Ora di promuovere il bene

Riflettendo sulle festività pasquali, penso alla primavera della natura che sta esplodendo nella sua bellezza laddove ci sono piante e alberi che trovano ancora intatta la loro linfa vitale. Le giornate di sole ci invitano a uscire, anche soli e muniti di mascherina, per respirare, appena fuori dalla città, un’aria frizzante e rigenerante.

Ecco, guardare fuori dai nostri soliti circuiti mentali e spirituali può essere il senso religioso e laico della Pasqua. Andare oltre i nostri schemi spesso condizionati da una società che tende a privatizzare, monetizzare, organizzare ogni cosa con l’illusione di tenere tutto sotto controllo.

Il ciclo della natura non necessita del controllo degli uomini per fare il suo corso, anzi spesso questa azione esterna è risultata nefasta per l’ambiente che ci ospita. Anche chi non partecipa ai riti pasquali, ma ha a cuore le sorti dell’umanità e si adopera perché vengano rispettati persone e ambiente, contribuisce a trasmettere un messaggio d’amore verso una Terra dolente.

È vero, siamo circondati da ingiustizie, non troviamo risposte alla pandemia, alla malattia, alla morte, alle guerre agite o ideologiche mai risolte. Il contrasto tra “il bene e il male” ci accompagna dalla comparsa del genere umano sul pianeta. La Pasqua ci invita a non vedere solo il negativo al di fuori di noi, ma ad essere noi stessi promotori del bene, del giusto, dell’umano.
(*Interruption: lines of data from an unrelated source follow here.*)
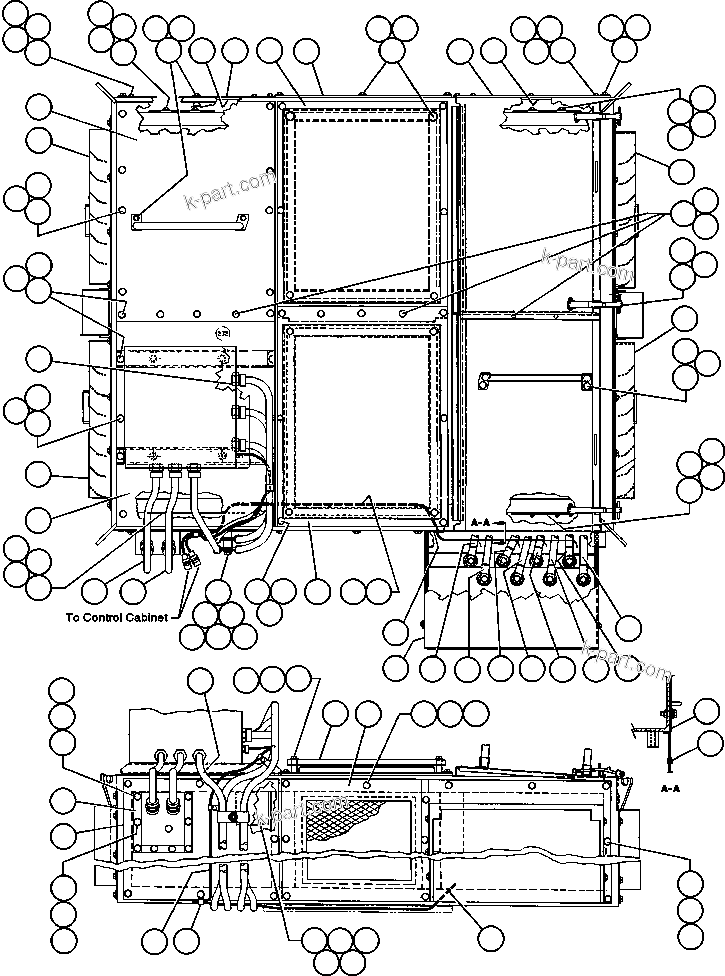 Komatsu parts book diagram for AFE32-EZ 830E                 COLLAHUASI: BLOWN GRID - 7 STEP RETARDING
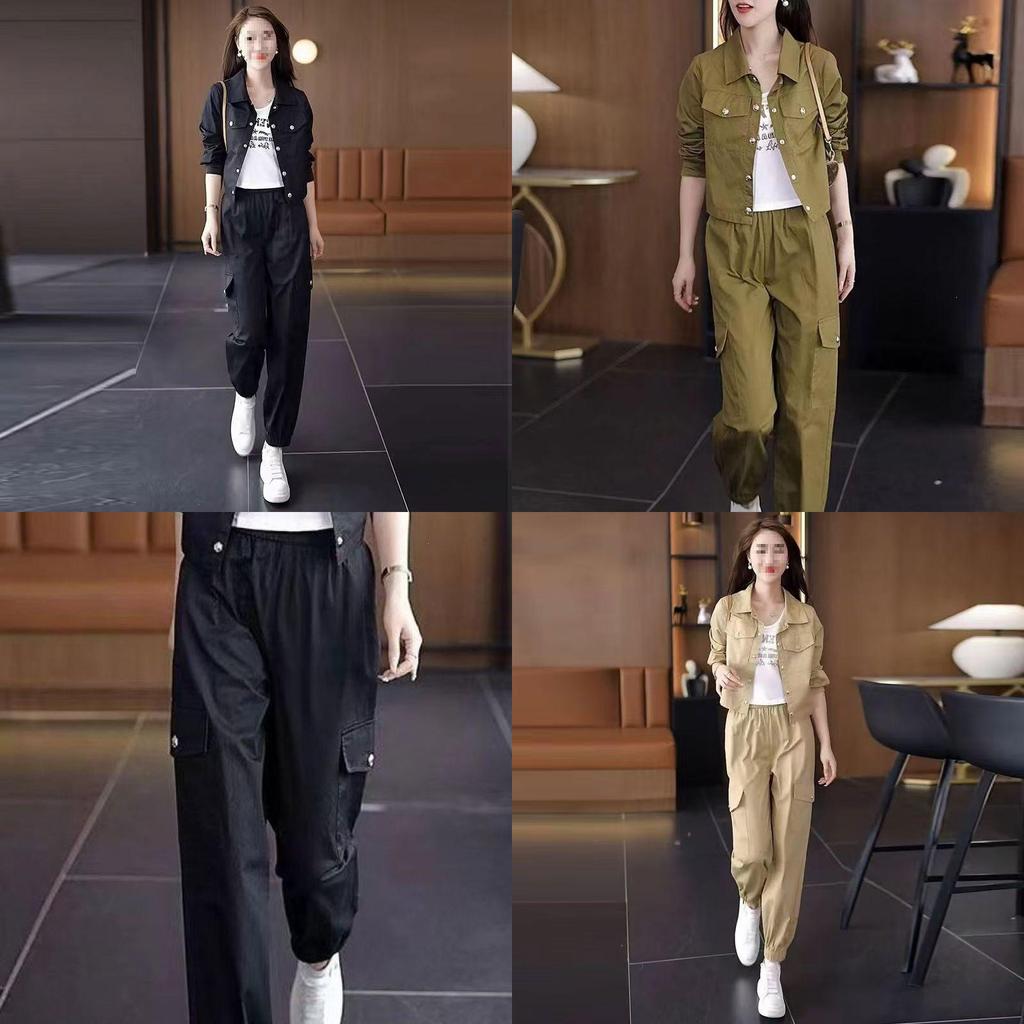 Urban Style Womens Summer Suit Set With Long Sleeves For Office Casual Wear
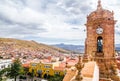 Potosi aerial view from San Lorenzo Church, Bolivia Royalty Free Stock Photo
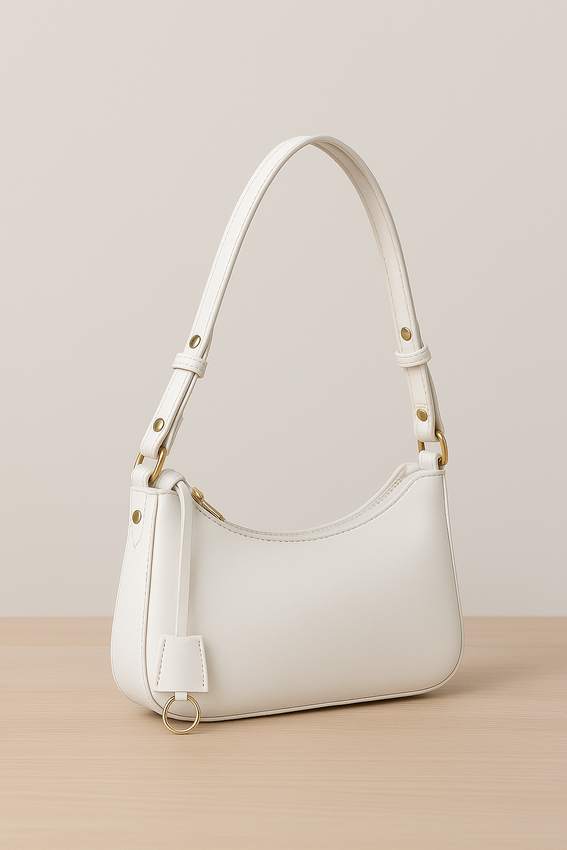 Hobo Shoulder Bag – White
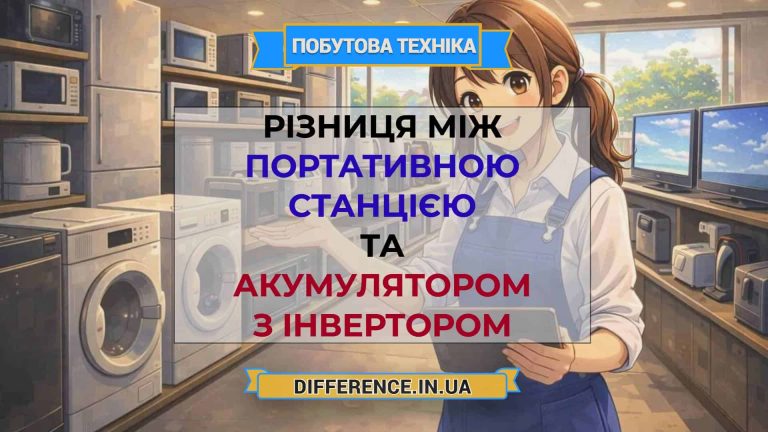 Різниця між портативною станцією та акумулятором з інвертором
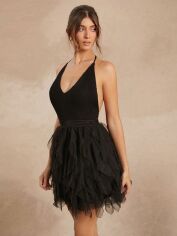 Акція на Сукня вечірня коротка літня жіноча SHEIN GD-00196138 L Чорна від Rozetka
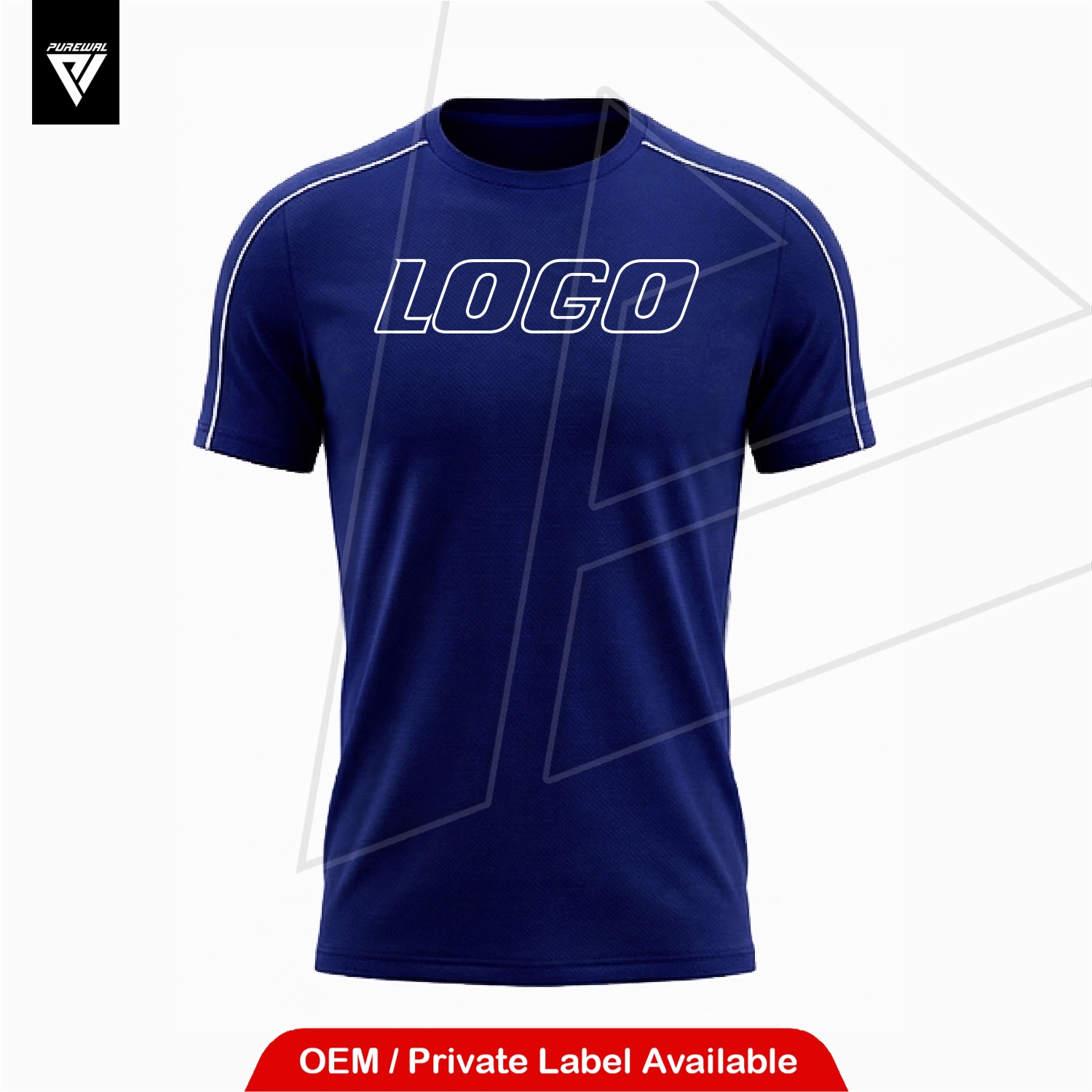 Essential T-Shirt with White Piping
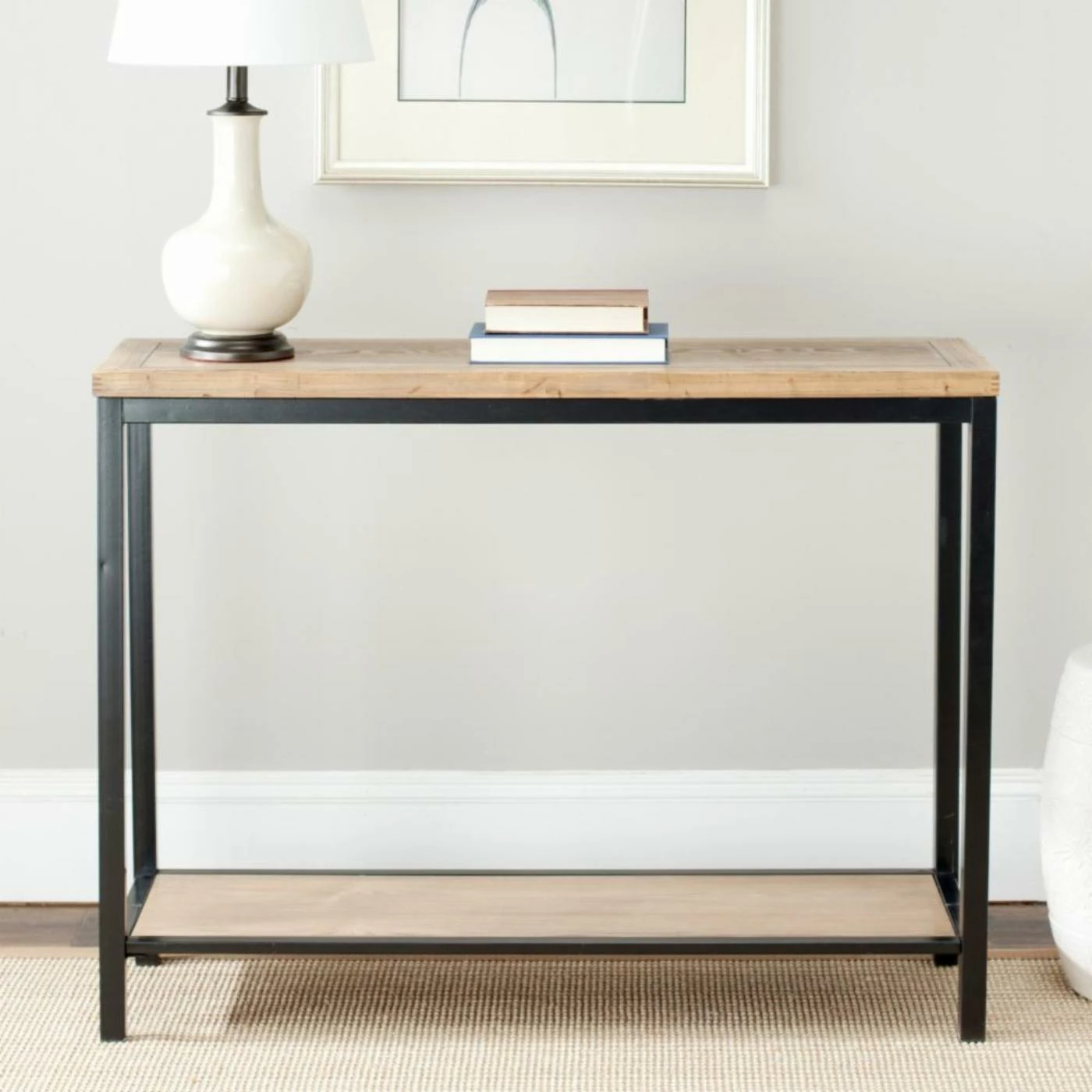 Coupon ✨ Metal HN Home Elwood Modern Farmhouse Console Table ✔️ - Image 7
Perché questo cambiamento interiore possa realizzarsi occorre alleggerire il nostro cuore dalla stanchezza e dalla sfiducia che porta alla disperazione e all’immobilità. Vita, morte e resurrezione sono i momenti cruciali del periodo pasquale e possono farci riflettere su quanto sia breve il tempo che ci è concesso per agire l’interiore rinnovamento che porta ad una un’umanità migliore.

Fare Pasqua significa sentire di camminare insieme, cercando di comprendere le parole dell’altro, facendo attenzione al suo dolore, gioendo della sua felicità senza invidia per ciò che l’altro possiede e che a me manca. Cammineremo con ritmi diversi, ognuno con il proprio passo, i propri inciampi, le proprie soste.

Sostare significa non avere fretta e nemmeno irritarsi perché il cammino è troppo lento. Non importa quanta strada faremo insieme, né quale sarà la nostra meta, ma è importante sentirsi parte del mistero della vita, morte e resurrezione, mistero della Pasqua. Voglio terminare con un pensiero di un mio amico Vescovo: “Lasciamoci alle spalle la stanchezza, la sfiducia e la disperazione, e mettiamoci a correre sulla via della speranza e dell’amore, ma non domani: subito”.